Once dubbed the “Joan of Arc of Afghanistan,” Wali was born in Kandahar in 1951. She was the daughter of Mohammad Wali, manager of the Afghan National Bank, and Shafiqa Sharifi, a clothing factory supervisor. She fled the country after the Soviet-backed coup in 1978 and settled in Washington, DC, where she was joined by her parents after they escaped from a Communist jail. 

Although she was half a world away, Wali never forgot about the plight of Afghan women. In 1981 she formed the now-defunct Refugee Women in Development (RefWID) and raised millions of dollars to assist victims of war and genocide. She was also a founding member of the Sisterhood Is Global Institute, a feminist think tank in Montreal, which celebrated its 30th anniversary in 2014.

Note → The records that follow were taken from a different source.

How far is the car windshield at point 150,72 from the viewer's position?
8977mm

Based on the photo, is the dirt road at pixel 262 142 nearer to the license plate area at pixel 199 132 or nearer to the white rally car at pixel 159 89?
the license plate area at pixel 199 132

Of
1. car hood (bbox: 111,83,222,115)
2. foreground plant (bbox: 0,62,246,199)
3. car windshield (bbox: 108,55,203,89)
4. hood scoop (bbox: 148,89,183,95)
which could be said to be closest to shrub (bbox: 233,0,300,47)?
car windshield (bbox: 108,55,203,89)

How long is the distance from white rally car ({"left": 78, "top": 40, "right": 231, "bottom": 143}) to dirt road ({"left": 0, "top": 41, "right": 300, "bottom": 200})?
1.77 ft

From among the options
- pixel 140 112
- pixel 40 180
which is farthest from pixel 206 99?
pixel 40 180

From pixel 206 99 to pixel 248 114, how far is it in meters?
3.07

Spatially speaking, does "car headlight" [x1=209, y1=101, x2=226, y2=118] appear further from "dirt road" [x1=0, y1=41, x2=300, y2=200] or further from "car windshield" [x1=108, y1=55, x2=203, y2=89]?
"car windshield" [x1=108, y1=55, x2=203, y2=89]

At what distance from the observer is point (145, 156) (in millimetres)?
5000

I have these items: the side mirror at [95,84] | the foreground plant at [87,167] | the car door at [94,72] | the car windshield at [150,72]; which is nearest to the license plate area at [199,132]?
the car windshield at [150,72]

“The Taliban is using culture and religion to keep women down,” Wali said of her cause in 1998, “but there is nothing in my religion that teaches keeping women at home, not educating them, starving them, and withholding medical treatment from them so they die. 

“Islam teaches us to care for and protect women.” 

Wali was one of just three female delegates to a United Nations-sponsored meeting in Germany in 2001 that led to the Bonn Agreement, which formed a new Afghan government after the US-led invasion. She was instrumental in the creation of a Ministry of Women’s Affairs (she declined a nomination to lead the division, so she could focus on her work with RefWID) and helped direct international funding to Afghanistan’s women, children, and refugees. Wali also ensured that gender-sensitive language was incorporated into the peace accord, which became a foundation for the Afghan constitution. 

She received the Gloria Steinem Women of Vision Award from the Ms. Foundation for Women in 1989 and the Amnesty International Ginetta Sagan Fund Award in 1999.

A veteran of the Peace Corps, Wali held a bachelor’s degree in business administration from Kabul University and a master’s in international relations from AU’s School of International Service. She is survived by six siblings and their children. 

“My aunt extended great tides of empathy, sympathy, and inexhaustible generosity toward her family, friends, and all who crossed her path,” says Suleiman Wali, SOC/MA ’10.